ASSIGNMENT: The material below holds the lines to copy: from the one with "Lessons ft. Jay-Bo" up to and including the one with "IRON JIA'S Motorcycle Dry Bag - Image 4". Copy them exactly and skip the pictures.

INFORMATION:
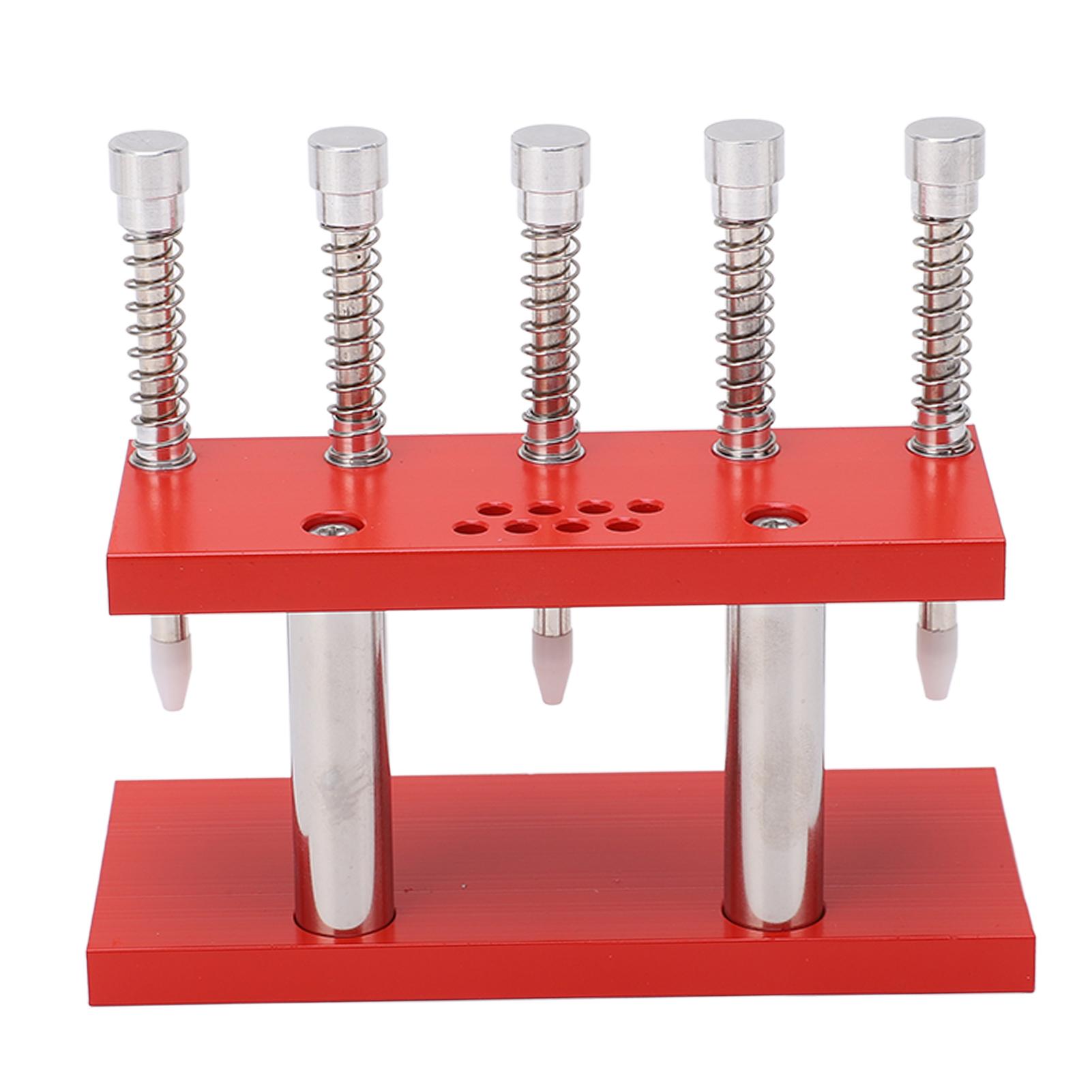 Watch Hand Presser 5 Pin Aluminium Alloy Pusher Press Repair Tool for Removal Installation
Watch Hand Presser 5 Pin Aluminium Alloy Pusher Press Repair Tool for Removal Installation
...
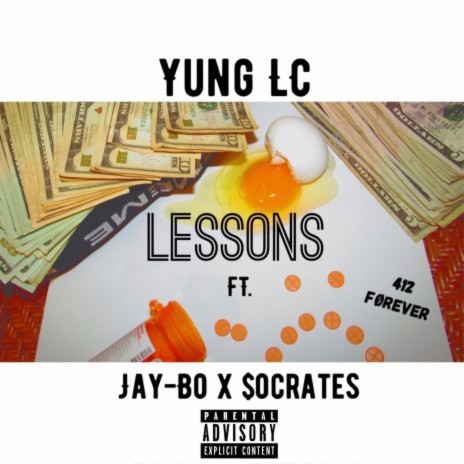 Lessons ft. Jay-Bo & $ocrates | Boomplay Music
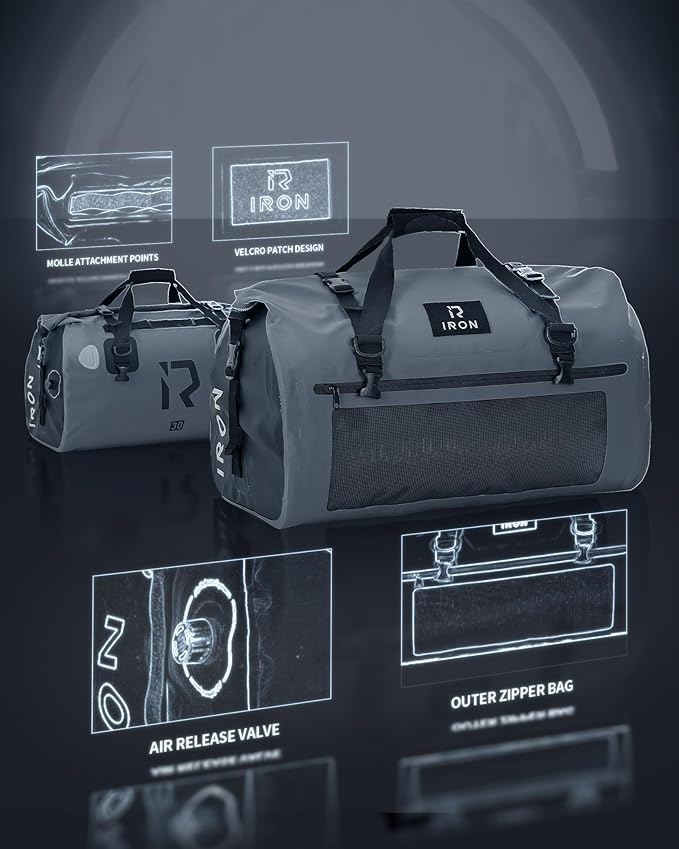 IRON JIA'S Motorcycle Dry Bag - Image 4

RESULT FOR THIS TASK:
 Lessons ft. Jay-Bo & $ocrates | Boomplay Music
 IRON JIA'S Motorcycle Dry Bag - Image 4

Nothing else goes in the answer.